When edge caches are cold (typically within the first 5 minutes of receiving traffic in a new region), latency may be slightly higher until the caches are fully populated.

#### Credit Balance Checks

To ensure accurate billing and avoid overages, Infron performs additional database checks when a user's credit balance becomes low (single‑digit dollar amounts). Caches expire more aggressively under these conditions, which can temporarily increase latency until more credits are added.

#### Model Fallback

When using provider routing, if a primary model or provider fails, Infron automatically falls back to the next available option. A failed initial attempt naturally adds latency for that request. Infron monitors provider failures in real time and dynamically routes around unstable providers to avoid repeated performance impacts.
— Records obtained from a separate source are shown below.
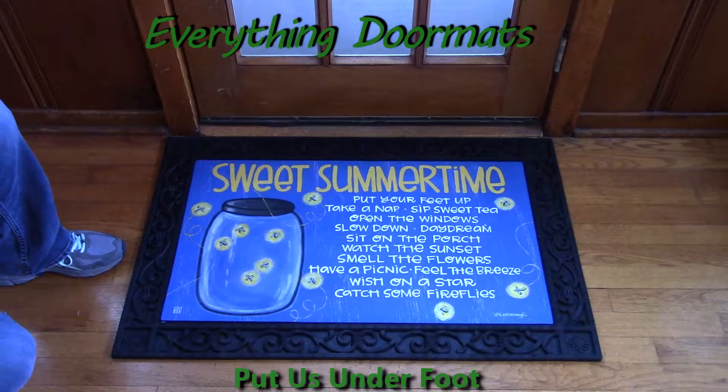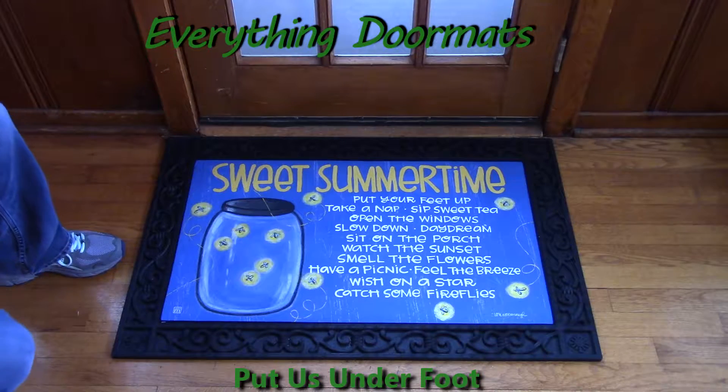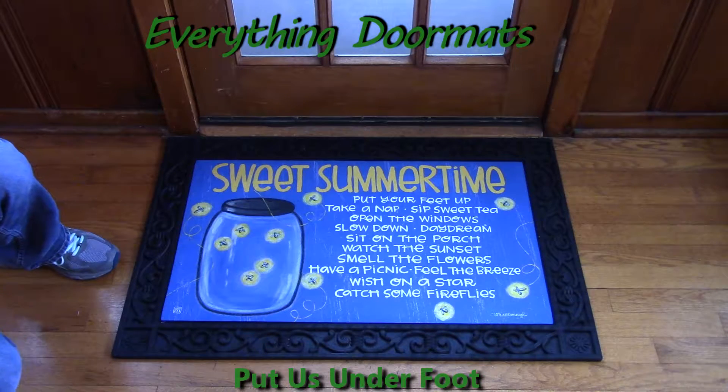Hi, this is Nicole from Everything Doormats here to show you some of our great seasonal mats we have for you. This matmate insert doormat, Summer Fireflies, is new for 2016 in our summer category. It's a great way to dress up your front door and add a little summertime fun.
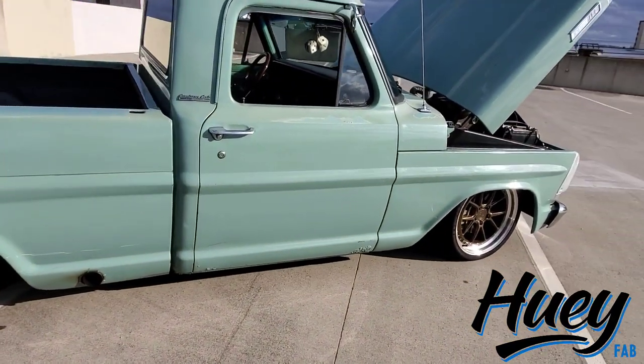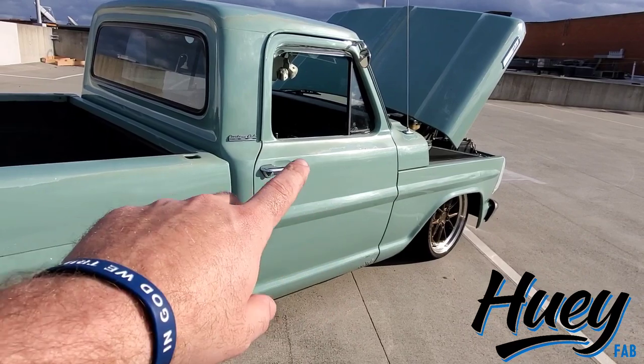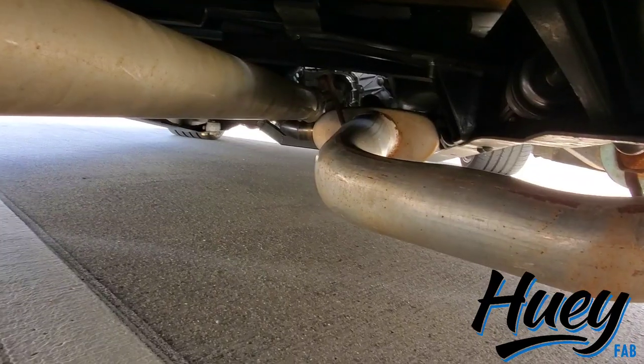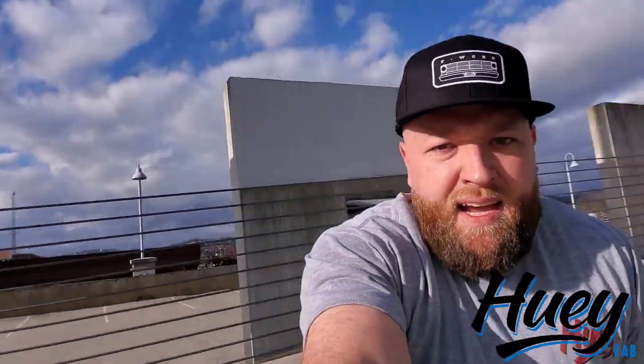As far as the rest of the details underneath go, it's got stock headers on it. It's got a two and a half inch stainless exhaust into a knockoff Magnaflow muffler that is dual two and a half inch in, single three inch out. And again, all that's going to change, so we'll get to those details shortly.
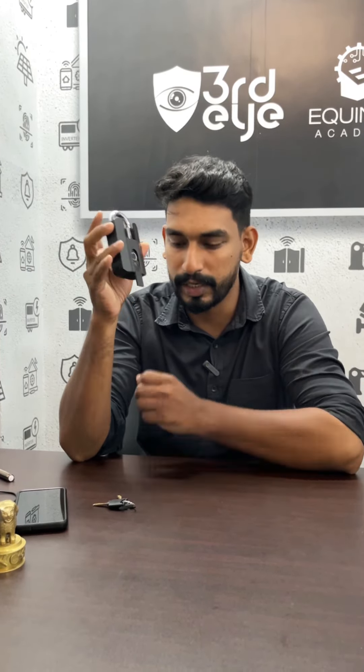We have a fingerprint. We have a mobile application. We have a mobile TTI app and a smartphone — it will be unlocked.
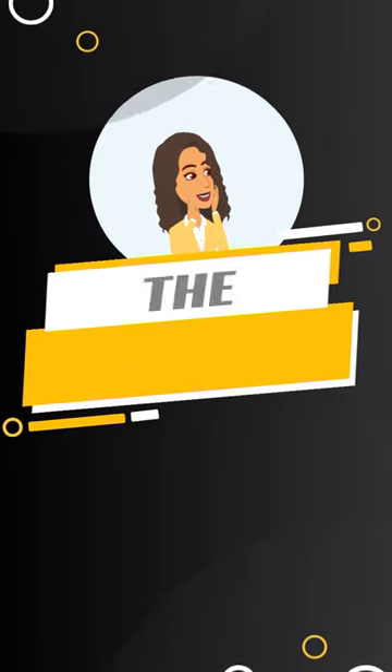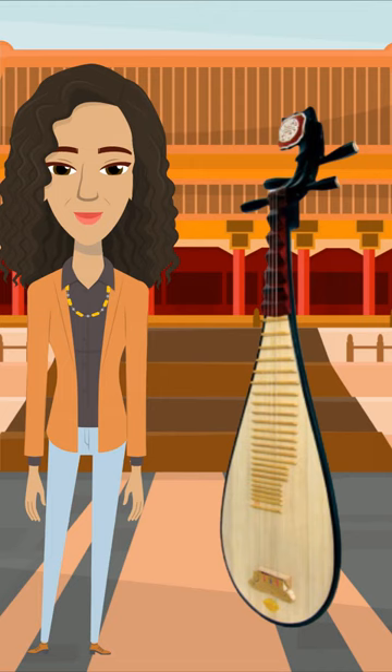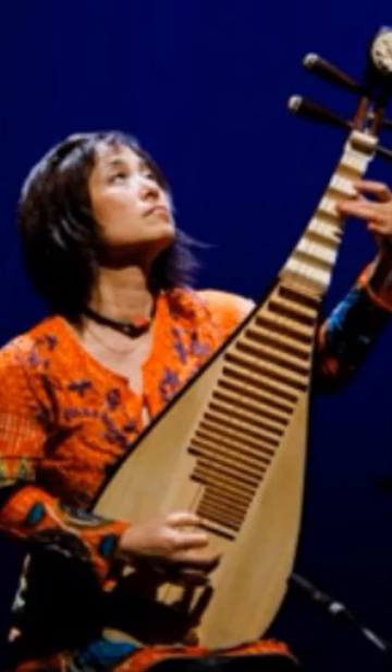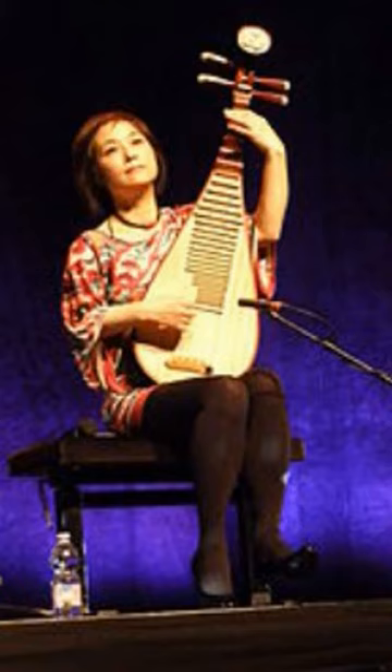The Pipa is a four-string Chinese musical instrument belonging to the pluck category of instruments. It has a pear-shaped wooden body with a curved neck and traditionally 30 frets. It has a long thick neck and the frets are movable to allow a wide range of tones.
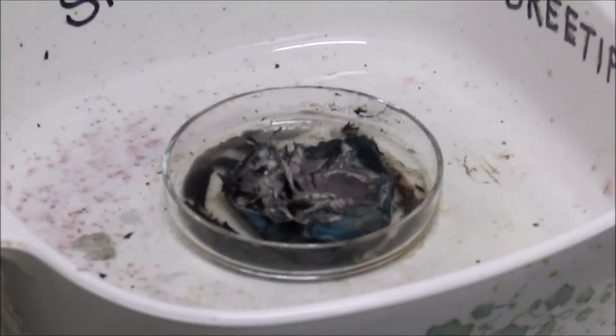The palladium salt has been calcining now for right at one hour. I just hit it with a little bit of flame there to finish off the paper. Now what I'm going to do is turn this off and let it cool down to room temperature, and then we'll put it in a crucible and melt it up into a button.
### Best Practices for Optimal Performance

* Maintain a Healthy Credit Balance: A recommended minimum balance of $50–$100 helps ensure smooth operation without increased latency from extra billing checks.
* Use Provider Preferences: If you have specific latency requirements—such as time to first token or time to final token—Infron offers routing controls that let you prioritize providers based on performance and cost considerations.


---

# Agent Instructions: Querying This Documentation

If you need additional information that is not directly available in this page, you can query the documentation dynamically by asking a question.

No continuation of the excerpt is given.